Keep Track of the Contact and Account Lifecycle
In a broad sense, Stages are labels identifying the phases of a sales cycle for a contact or account. Stages will change automatically according to their Triggers, or when you manually choose to change them. Stages are used in many different parts of the product, and as such having them correctly mapped and set-up is very important.
Contact Stages
You can add, edit, and remove contact stages from Settings > Contacts:
You will always have several default stages, but you can add in as many as you want to flesh out all of the stages you need to track.

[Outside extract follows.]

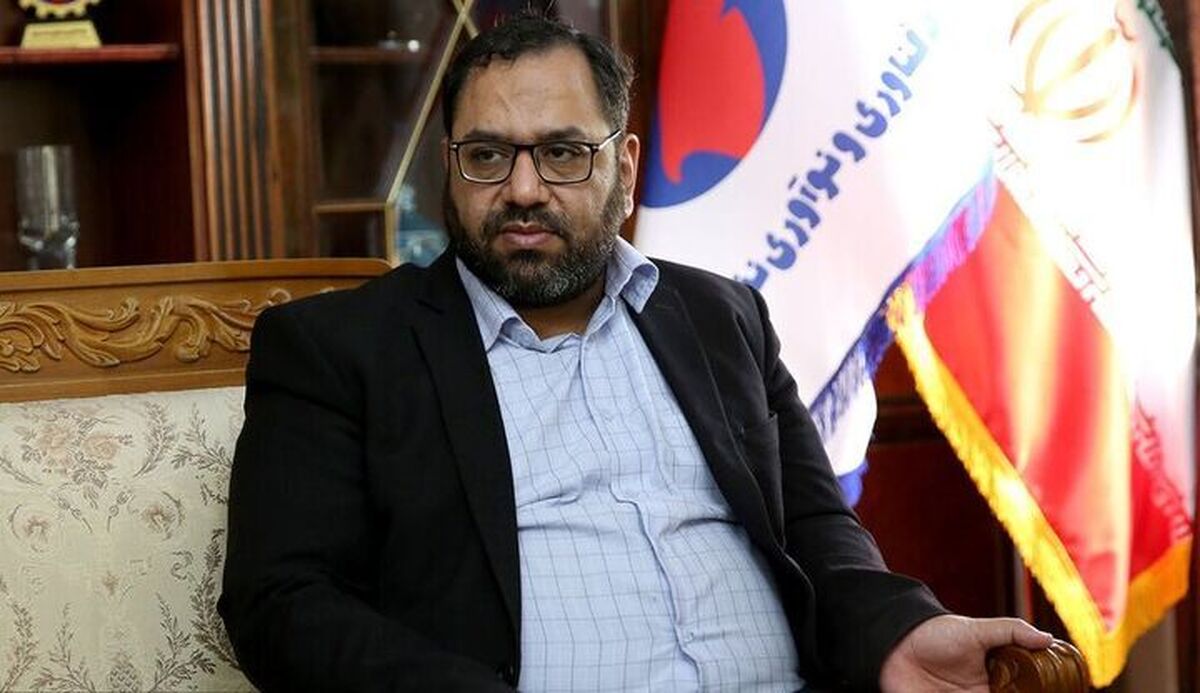 تامین ۹۰ درصد نیاز فناورانه نفتی در داخل کشور/ تلاش برای تکمیل زنجیره ارزش محصولات انرژی/ سود بانکی علیه تولید است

When creating a new contact stage there are several options:
- Name - The name of the stage
- Category - This is a general grouping, so we know if the stage denotes that if you Succeeded with the contact (for something like Meeting Set or Interested), if they are In Progress (Approaching the contact, you've sent an email that has no response yet), or if you did Not Succeed (Unresponsive or they unsubscribed, etc)

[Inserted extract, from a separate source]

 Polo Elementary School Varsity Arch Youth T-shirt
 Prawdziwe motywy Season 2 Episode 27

- "If a user manually sets the contact to this stage, software should NOT override it when there is a new trigger event such as an email delivery or reply." - this just means the stage will not be overridden by any automatic trigger
Pro Tip: Create one contact stage for each SFDC contact status you have, and map each directly over.
Account Stages
You can add, edit, and remove account stages from Settings > Accounts:
You will always have several default stages, but you can add in as many as you want to flesh out all of the stages you need to track.
When creating a new account stage there are several options:
- Name - The name of the stage
- Category - This is a general grouping, so we know if the stage denotes that if you Succeeded with the account (for something like Current Client), if they are In Progress (Approaching the account, you've sent an email that has no response yet), or if you did Not Succeed (Do Not Contact for example)
Pro Tip: Create one account stage for each SFDC account status you have, and map each directly over.